Il "carico urbanistico" del grattacielo è stimato in "320 abitanti potenziali". Continua l'esperta: "Non si può pensare che anche un'area pienamente urbanizzata" sia "attrezzata per un carico così rilevante, non solo per i servizi ma per esempio per le infrastrutture. Non mi posso sempre collegare alle infrastrutture esistenti. Tanti pensano che bastino la trasformazioni dell'esterno addirittura con prospettive di densificazione delle aree", ma questo significherebbe "sostituire il piano urbanistico con il regolamento edilizio.
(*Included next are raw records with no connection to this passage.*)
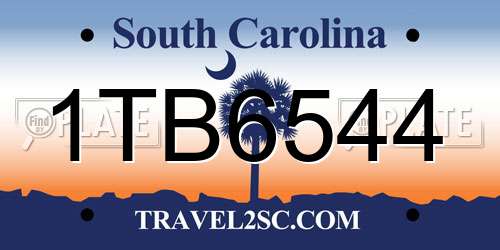 1TB6544 South Carolina License Plate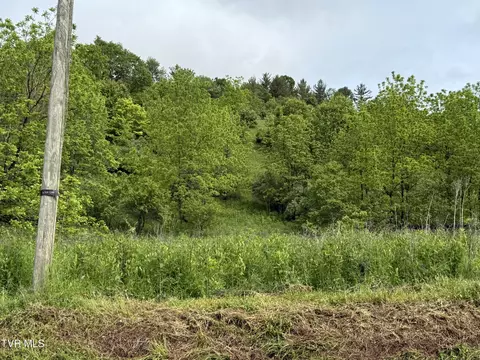 tbd Johnson Hollow Road Mountain City Tn 37683, Mountain City, TN 37683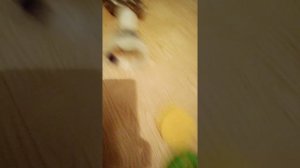 Самодельный воздушный фильтр на мопед альфа.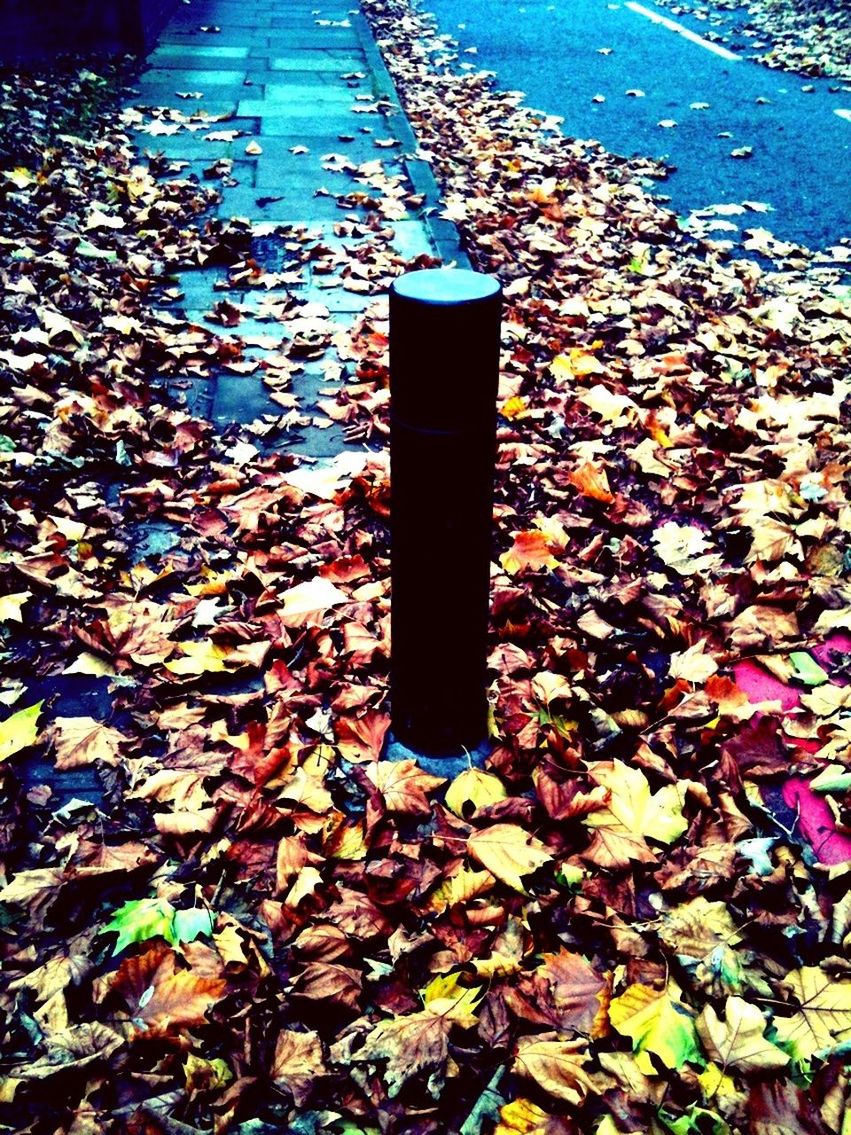 high angle view, water, autumn, outdoors, day, blue, leaf, no people, transportation, metal, abandoned, sunlight, tranquility, abundance, nature, pole, puddle, absence, street, rusty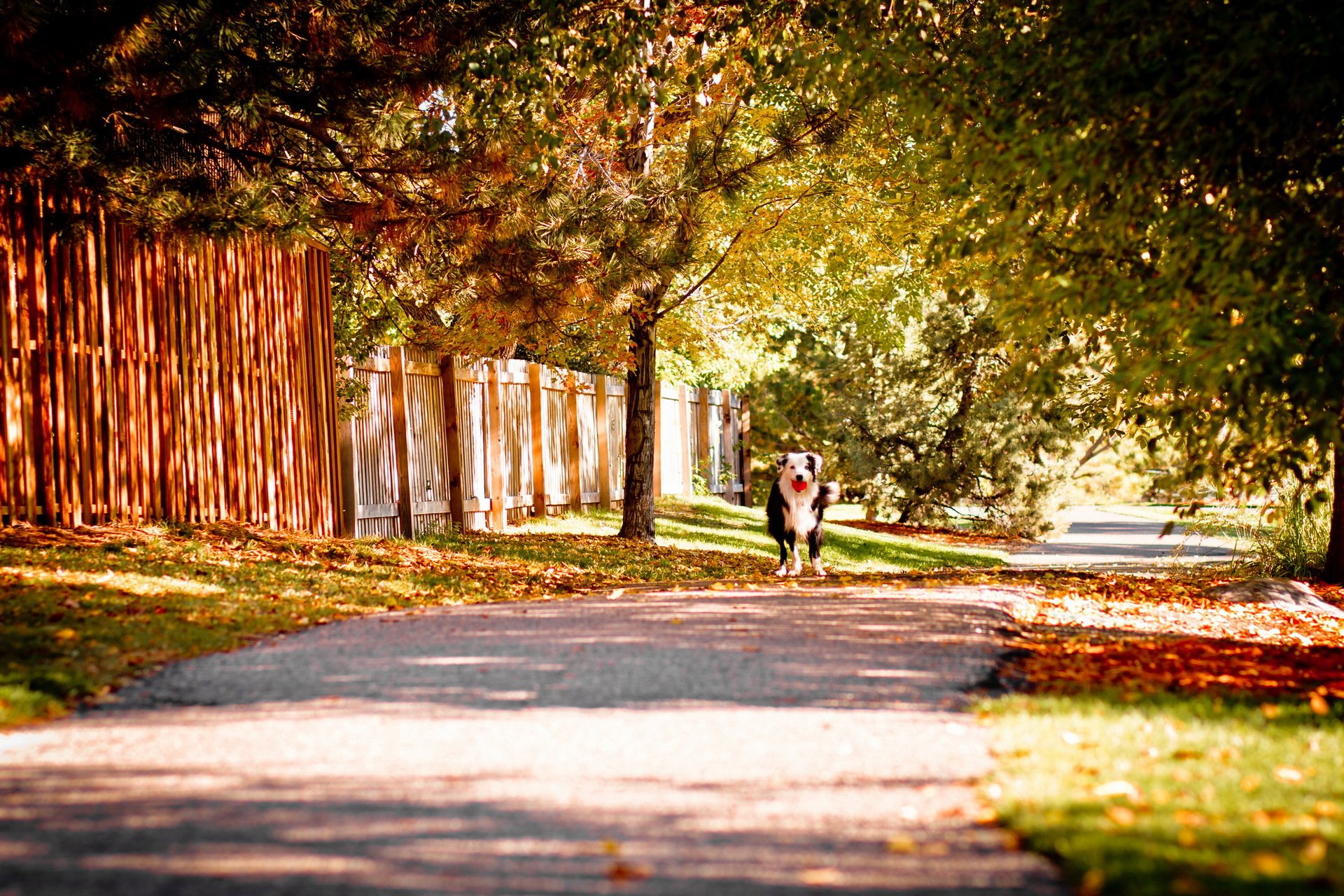 straße herbst hund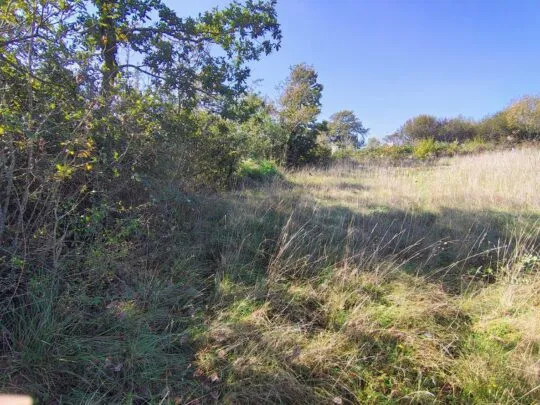 Hrvatska Istra Barban građevinsko zemljište 1.465 m²
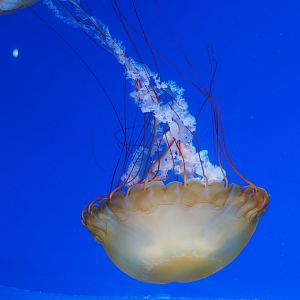 Pacific sea nettle jellyfish (Chrysaora fuscecens), 2019-10-05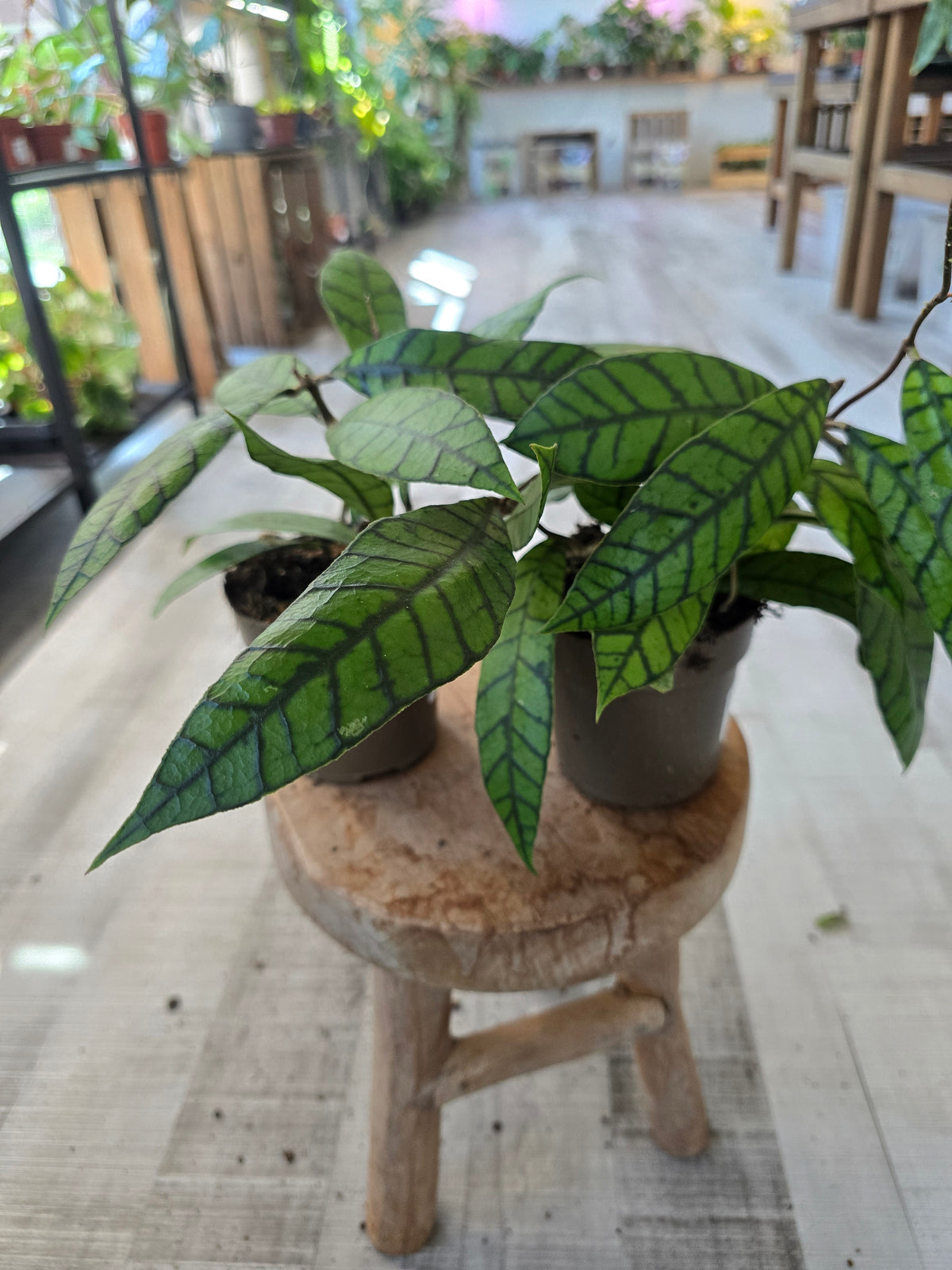 Hoya callistophylla
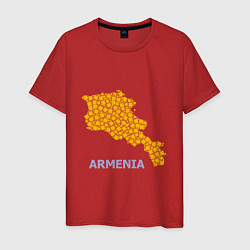 Мужская футболка Golden Armenia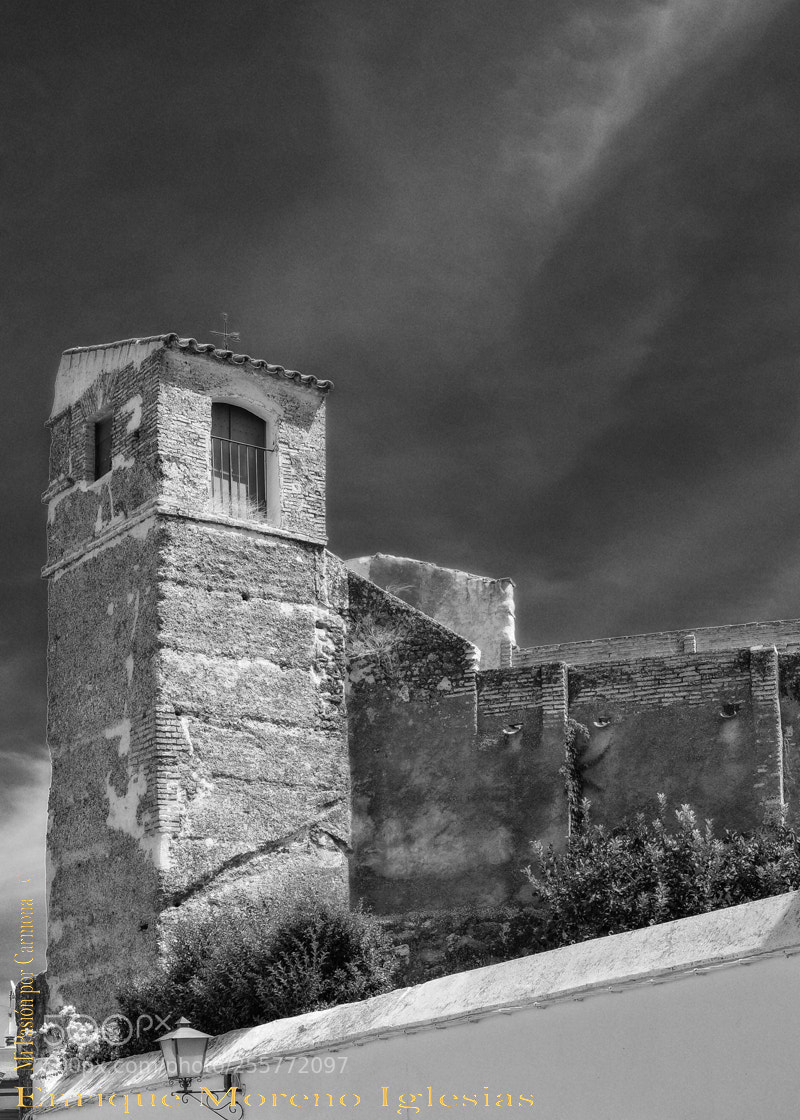 Nikon D610 sample photo. Barbacana. carmona (spain) photography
Non è logicamente immaginabile". Nel processo, il primo in dibattimento sul nodo dell'urbanistica, sono contestati i reati di abuso edilizio, lottizzazione abusiva e falso. Gli imputati sono otto, tra costruttori, architetti e dirigenti ed ex dirigenti del Comune. Nella propria deposizione la consulente, rispondendo ai pm Mauro Clerici e Marina Petruzzella, ha spiegato che, a suo avviso, non c'erano i "presupposti di legge" per qualificare la costruzione della torre come "ristrutturazione" invece che come "nuova costruzione" e per procedere con "una Scia" al posto di un "piano attuativo". La Torre Milano sorge dove si trovava un fabbricato (demolito) di due piani più uno seminterrato. "La superficie dei seminterrati del fabbricato che c'era prima - continua l'architetto - è stata usata e traslata all'esterno sulla torre e questo non era consentito da una delibera regionale". Non solo. La superficie dei "vani interrati" ha consentito di realizzare pure "le piscine" della torre. Numerosi i passaggi che, per i pm, sono stati possibili grazie a determine dirigenziali, ma in modo illegittimo.
C'è poi la questione dello "sconto" sugli oneri di urbanizzazione fatto ai costruttori, che in via Stresa sarebbe stato di 1,2 milioni di euro. Secondo la valutazione della consulente infatti, l'azienda costruttrice, la Opm di Carlo e Stefano Rusconi, avrebbe dovuto pagare al Comune cifre "tre volte superiori".
I difensori, fra cui gli avvocati Federico Papa, Massimiliano Diodà, Giovanni Brambilla Pisoni e Michele Bencini, hanno sottolineato: "È paradossale un processo dove si discute della interpretazione giusta o sbagliata delle norme, è un tentativo di scaricare sull'individuo il fatto che le norme non piacciano".